## Task statement
Without any of the pictures, transcribe all the lines below exactly.

## Dataset excerpt
:::::

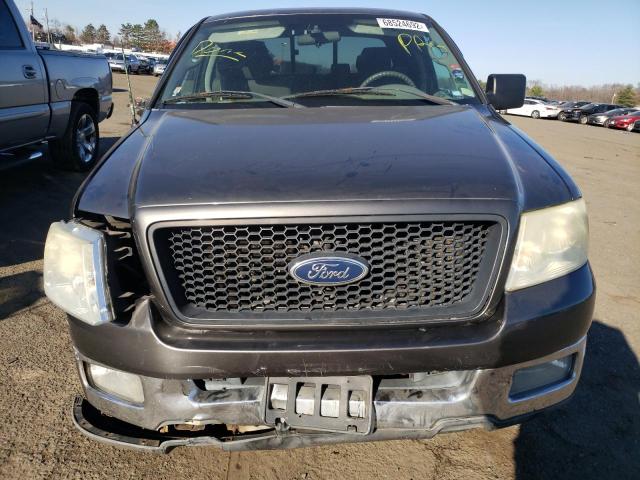 Photo 5 from auction – 2004 FORD F150 with VIN 1FTRX12W84NA12027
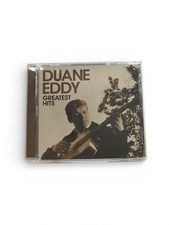 Duane Eddy Greatest Hits 2006 Sony BMG 26 Track Rock n Roll Compilation Hits CD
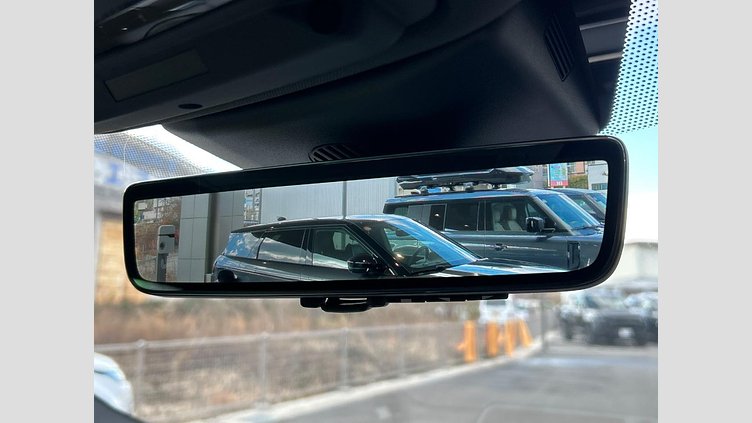 2020 認定中古車 Land Rover Range Rover Evoque フィレンツェレッド P250 R-DYNAMIC SE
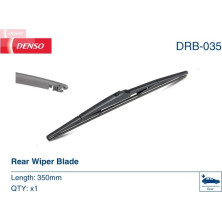 Denso | Wischblatt | Scheibenwischer | DRB-035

:::::

## Answer space
 Photo 5 from auction – 2004 FORD F150 with VIN 1FTRX12W84NA12027
 Duane Eddy Greatest Hits 2006 Sony BMG 26 Track Rock n Roll Compilation Hits CD
 2020 認定中古車 Land Rover Range Rover Evoque フィレンツェレッド P250 R-DYNAMIC SE
 Denso | Wischblatt | Scheibenwischer | DRB-035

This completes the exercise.